What Each Candidate Has Going For Him:
Ron Paul - National defense, stop policing the world, get gov't off our backs
Rick Santorum - Walks the walk, a good guy
Newt Gingrich - Knows how to get things done in Washington
Mitt Romney - Most likely to win (which, in a way, means, "he'll get the votes of moderates," which, in a way, means, "he's the candidate least like a true Republican," but it wasn't quite spelled out like that)
Everyone was extremely civil, referring to Obama as "the current President," which I thought was rather nice considering the acridity that's been plaguing the primaries.
My first thought about the caucus was, "Wow, this is fantastic." A chance to meet neighbors for the first time, a place where politics can be discussed openly and unabashedly. In a ballot box state such as mine, you can conceal your party alignment forever, if you want. There's never a need to tell anyone if you're a Republican or Democrat, and most people are too polite to ask.
But here there are no secrets. You see who's with you; you see your local party more or less in its entirety.
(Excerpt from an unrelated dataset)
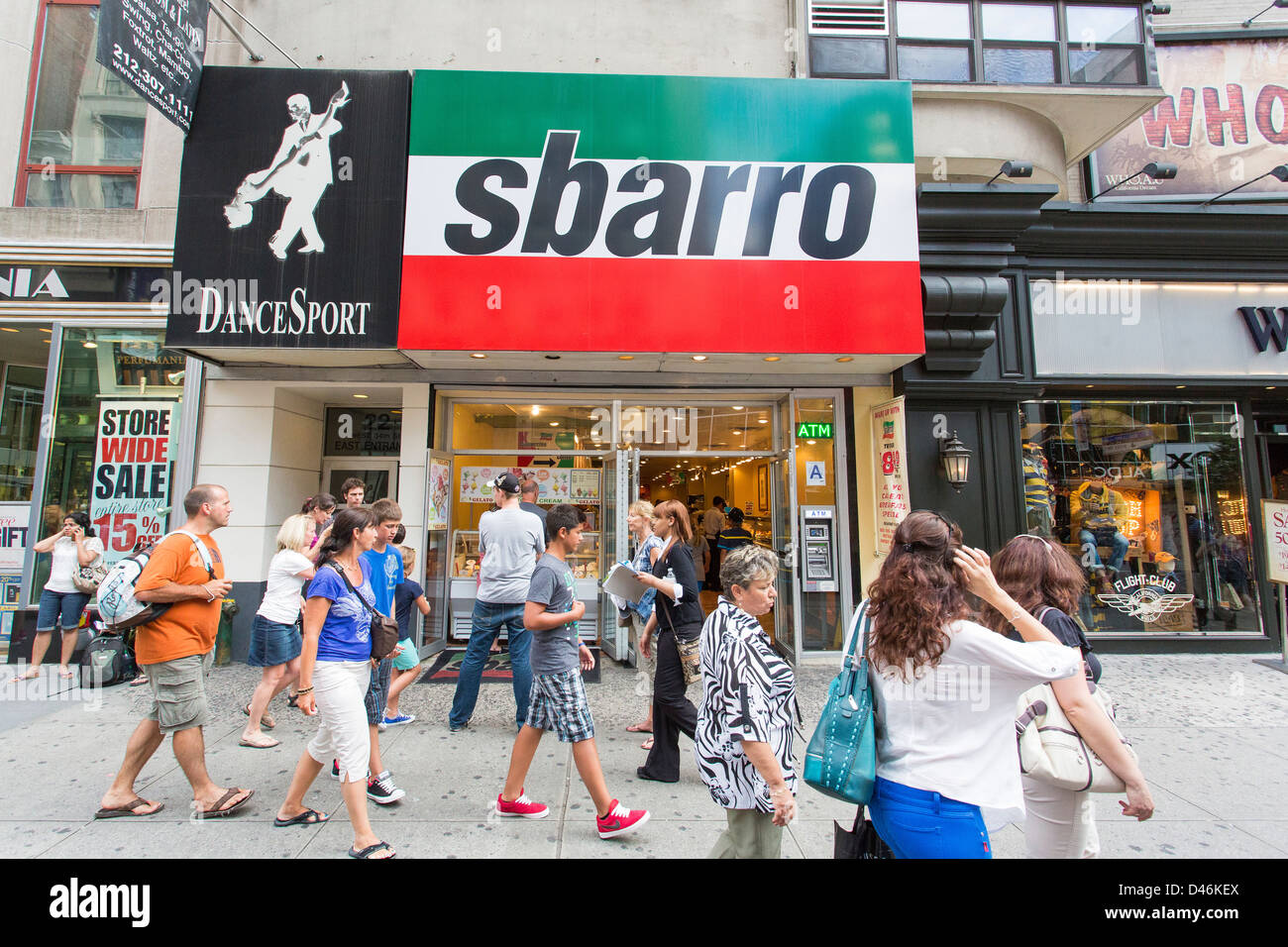 People walking on the sidewalk at the front of Sbarro pizzeria in New York City Stock Photo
There's something old fashioned and wholesome about it, something that stirs up ideas of town hall meetings and patriot pioneers gathering underneath shade trees to debate the topics of the day. Suddenly voting isn't a lonely slip of paper, but democracy at its finest, a chance to sit shoulder to should and divide opinions before reuniting as one community. It made me feel involved, even though I was just an observer.
My second thought was, "Holy cow, all of these people are crazy-go-bats." Many parts of the night felt as though they were scripted by a comedian trying to poke fun at every Republican stereotype under the sun. There were people dressed in tricorn hats and red colonial uniforms. There was the celebrating a local candidate for the fact that she loved her guns (this raised many cheers.) There was the (joking?) reference to the fact that our country might not exist in another two months thanks to the current president. And there was the overwhelming assumption that everyone in the room was completely on the same page, a true-blue dyed-in-the-wool Republican walking lock step with all of the party's flagship issues.
Not so much.
There's something inherently wrong, I think, with the mentality of, "I don't care who our nominee is, so long as he beats the current president." Democrats are just as guilty of this as Republicans. Such a statement is a declaration of narrow-mindedness. To assume that the incumbent represents the worst of all possible candidates is a prejudice that would be heartily tested if one of the Republican B-listers somehow made it to November. I might buy, "Any of the four current nominees would be better," if this mantra hadn't already been initiated three years ago, long before there were any Newts or Mitts or Ricks to attach to the abstract.
Uncomfortable as the uber-Republicanniness made me, I realized that I would have been just as repulsed by its equivalent Democratic counterpart. I feel liberal when I'm with conservatives, conservative when I'm with liberals.
This made me feel better. This is why I am a moderate. This is why I detest labels and pigeonholes, and would be perfectly happy (except for not getting to vote in primaries) if I was not attached to any party whatsoever.
Or as one speaker last night described it, "a person who refuses to take a stand."